Let’s break that down. Big Data Analytics is the active process of taking large sets of data, organizing, and analyzing it to find useful patterns. This is useful to organizations in working to better understand what information they have collected, and in identifying what aspects of this information should inform their future business decisions.
The Effect on Supply Chain Management
Big data is characterized by the three V’s;
- Volume: Data comes in massive data streams from different sources including social media, business transactions, machine-to-machine information transfer, or sensor data.
- Variety: Data comes in all shapes and formats. This includes documents, video, audio, email, and more.
- Velocity: Big data analytics work fast.
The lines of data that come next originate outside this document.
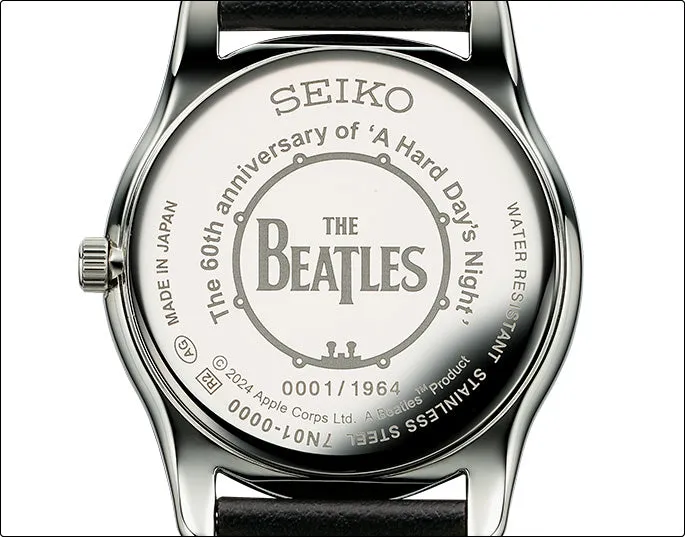 Seiko X THE BEATLES "A Hard Day's Night" 60th Anniversary Collaboration Limited Edition Quartz Watch - PREORDER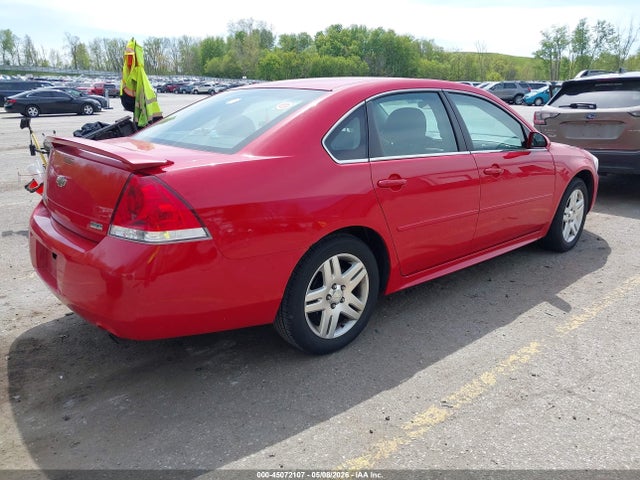 2012 Chevrolet Impala Lt მანქანა იყიდება აუქციონზე, vin: 2G1WG5E38C1153359, აუქციონის ნომერი: 45072107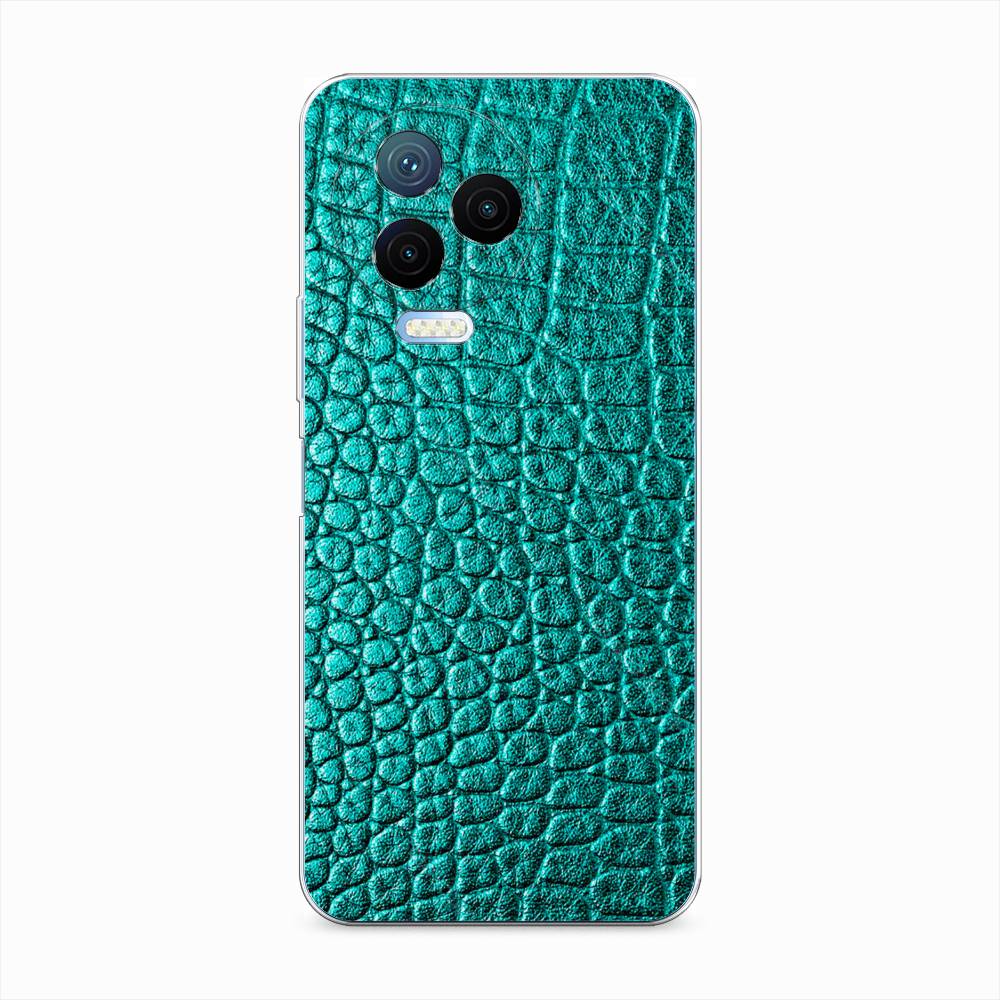 

Чехол Awog "Бирюзовая змея" для Infinix Note 12 Pro 4G, 3102250-3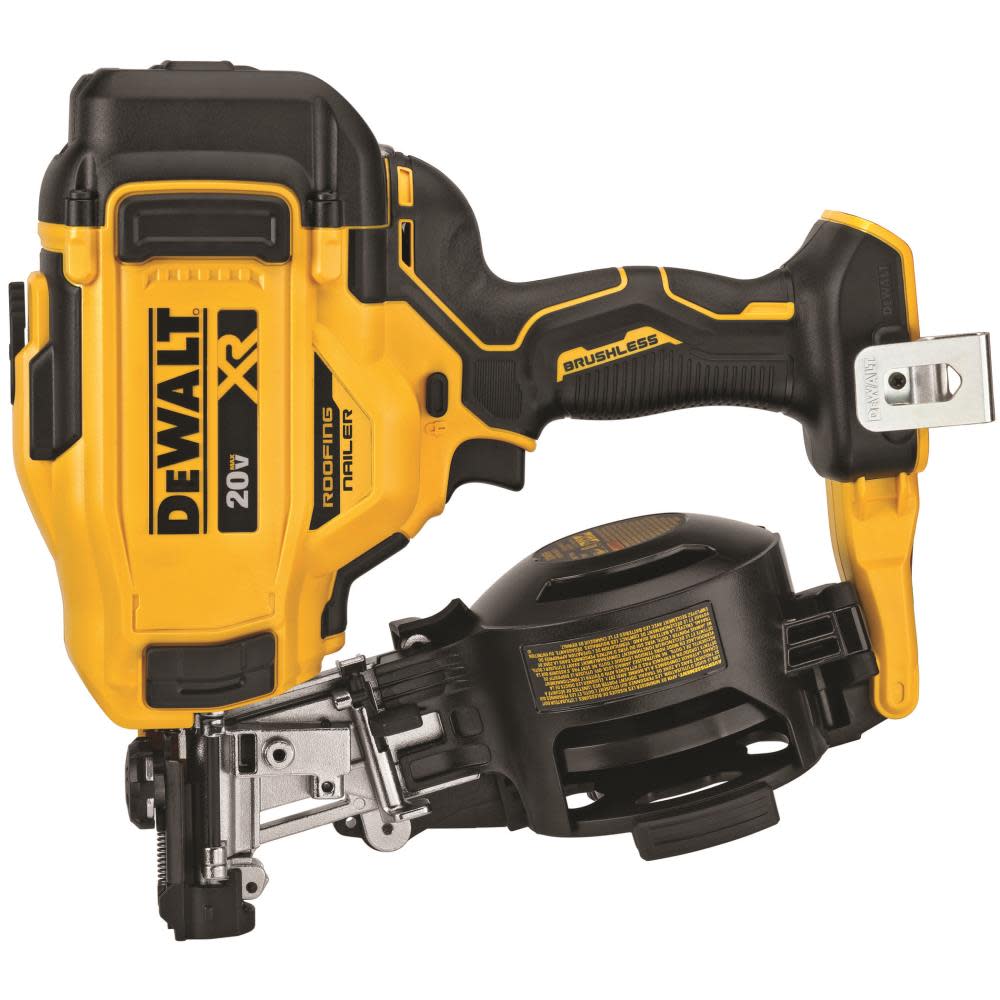 DEWALT 20V MAX* 15 Cordless Coil Roofing Nailer (Bare Tool) DCN45RNB from DEWALT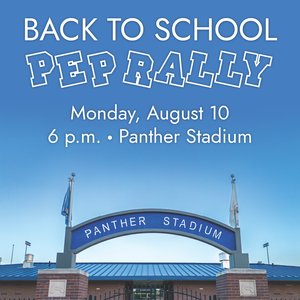 Back To School Pep Rally - August 10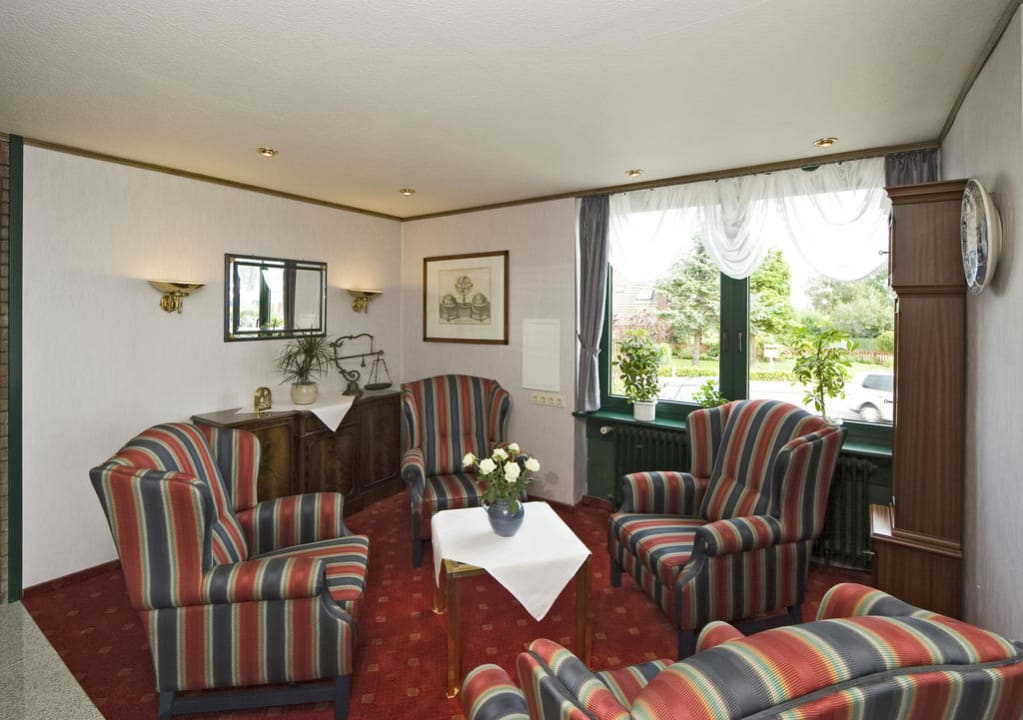 Lobby/Sitzecke Hotel Harlesiel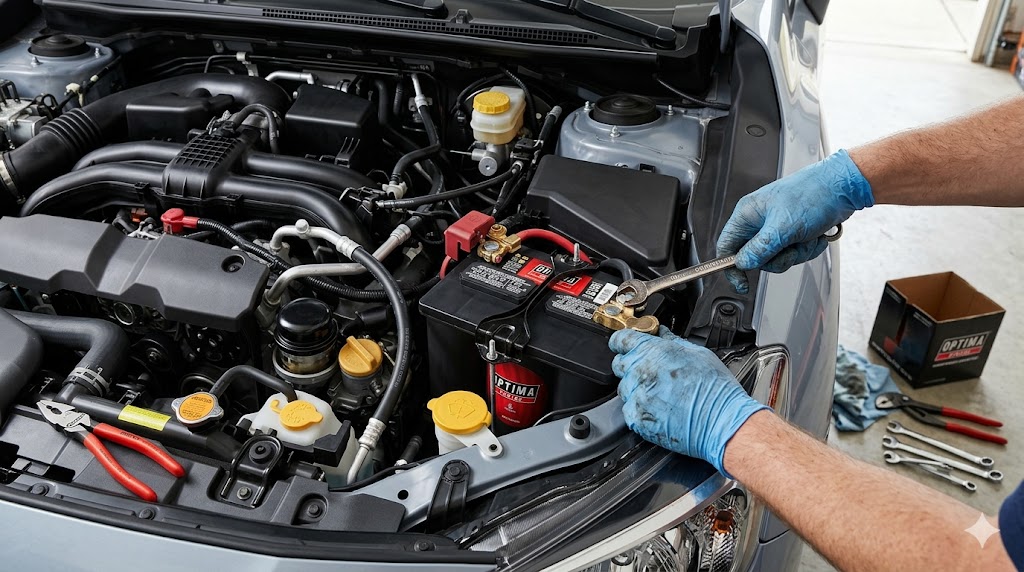 Car Battery Replacement: A Complete DIY Guide for Most Vehicles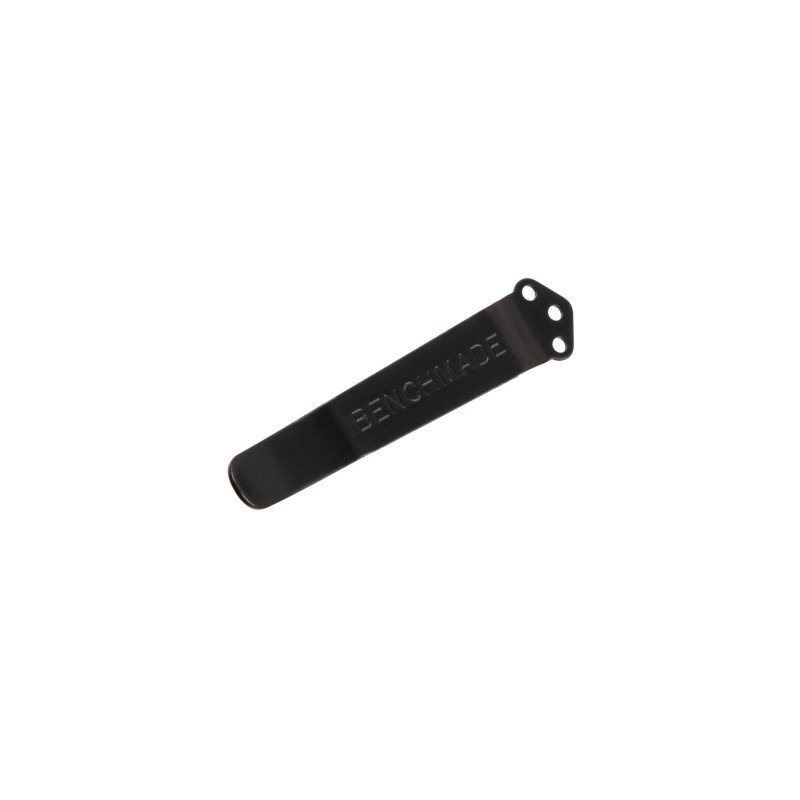 Клипса для ножей Benchmade, 3 винта, standard carry, черная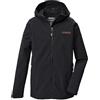 Killtec KOS 146 BYS JCKT 44091-000 - Giacca funzionale da ragazzo, impermeabile, con cappuccio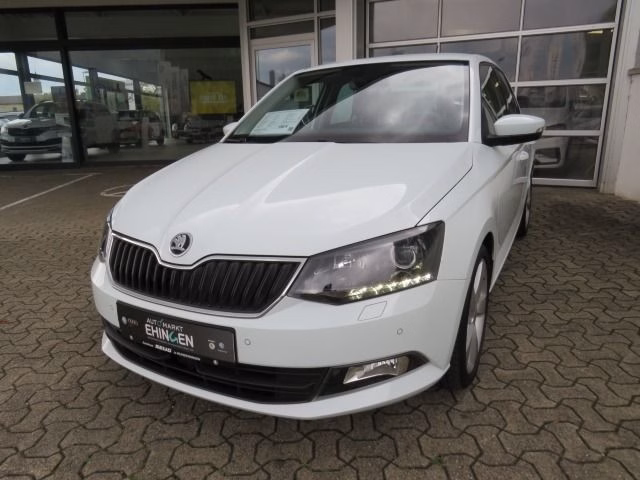 Skoda Fabia III 1.2 TSI Joy 90 PS, Navigation, SH, PDC, ALU,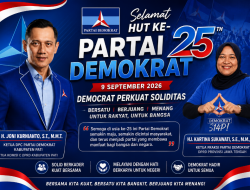 Menuju Seperempat Abad, Demokrat Perkuat Soliditas untuk Indonesia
Having such a high data stream means it must be processed at a remarkable speed.
Having direct access to this volume of information and it readily analyzed provides several direct benefits.
- Time Efficiency: With tools like Snowflake available, in-memory analytics are able to identify what sources of information are and will continue to be helpful for making quick, but informed, business decisions.
- Product Development: In understanding popular customer trends you can design your development efforts around what you already have identified as a need.
- Understanding the Market: Analyzing big data allows you to better understand the current situation of the market. With a better understand of what is valued and what is not, you can customize your offers to the more popular needs of your clients, creating more value in your services.
- Reputation Control: Every company has an online reputation to some extent to another. Whether that reputation is good or bad can elevate your business to the next level or leave you seen as a plague to be avoided. With big data analytics you can see what is being said about your company; Reinforce the good points, and work to correct what is seen badly.
This information lends itself to countless opportunities to improve processes.
- Traceability: The ability to pinpoint exactly where a product is on the supply chain. Using barcode scanners and attaching a radio frequency identification device to a product a supply chain manager can create this easily.
- Forecasting: Big data sets are particularly useful in predicting what customers want and when they want it. Having accurate forecasting based on prior transactions throughout the supply chain allows companies to improve their profitability in predicting consumer demand.
- Relationship Management: Big data is profoundly powerful in helping improve customer service across the board. If every single stop in the supply chain has access to the correct customer information, there is a far higher chance of fixing any problems that occur during fulfillment, warehousing, or distribution and accurately fulfill the order.